Cancers, obésité, neurodéveloppement

« Les PE jouent un rôle prépondérant dans la hausse des cancers hormono-dépendants (sein, prostate, testicule, thyroïde), dans l'infertilité chez les hommes et les femmes, dans les maladies thyroïdiennes, et dans l'évolution rapide du nombre de patients en situation de diabète et/ou d'obésité, les deux pathologies étant elles-mêmes liées à un plus grand risque de cancers », est-il rappelé. L'Europe compte 200 000 nouveaux cas de cancers liés à l'obésité chaque année.

Les femmes enceintes et les enfants sont particulièrement sensibles aux effets néfastes des PE, « et ceci dès le développement du fœtus, avec un risque plus élevé d'obésité, de diabète de type 2 et d'altération du développement neurologique (QI plus faible, autisme, trouble avec déficit de l'attention avec ou sans hyperactivité) », est-il précisé.

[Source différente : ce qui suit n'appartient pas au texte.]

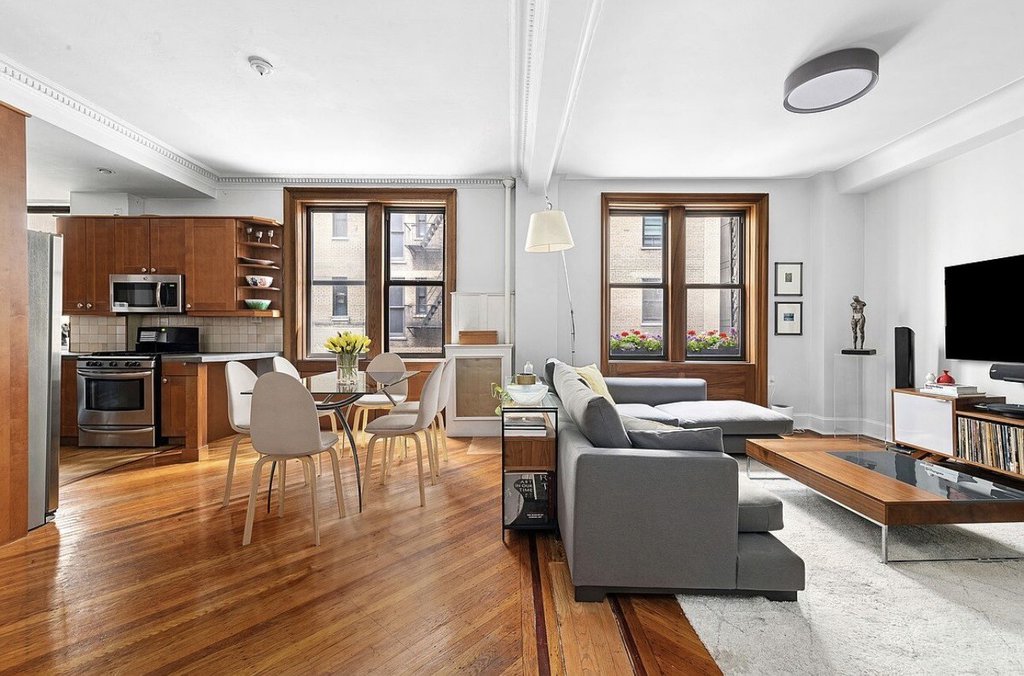 532 West 111th Street, Unit 54 photo 2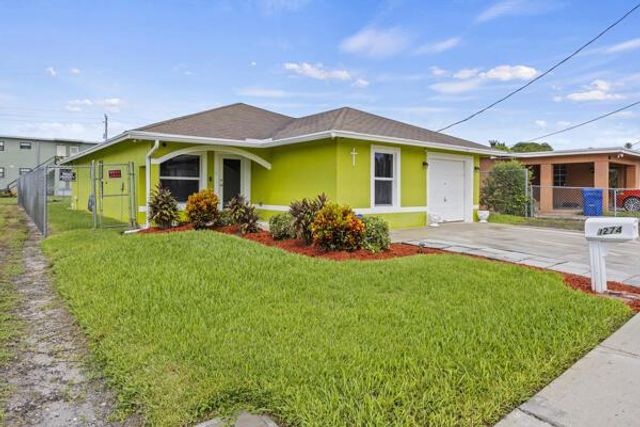 1274 W 33rd Street, Riviera Beach, FL 33404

Pour la Pr Anne Barlier, endocrinologue au CHU de Marseille et présidente de la SFE, « l'Europe doit protéger ses citoyens en faisant preuve de politique volontariste au-delà de simples recommandations ». Quant à la France, elle doit être « un État moteur » en allant plus loin avec « la mise en place d'une SNPE 3 » et « l'application d'actions concrètes en adoptant les préconisations de l'Anses », réclame la présidente de la société savante.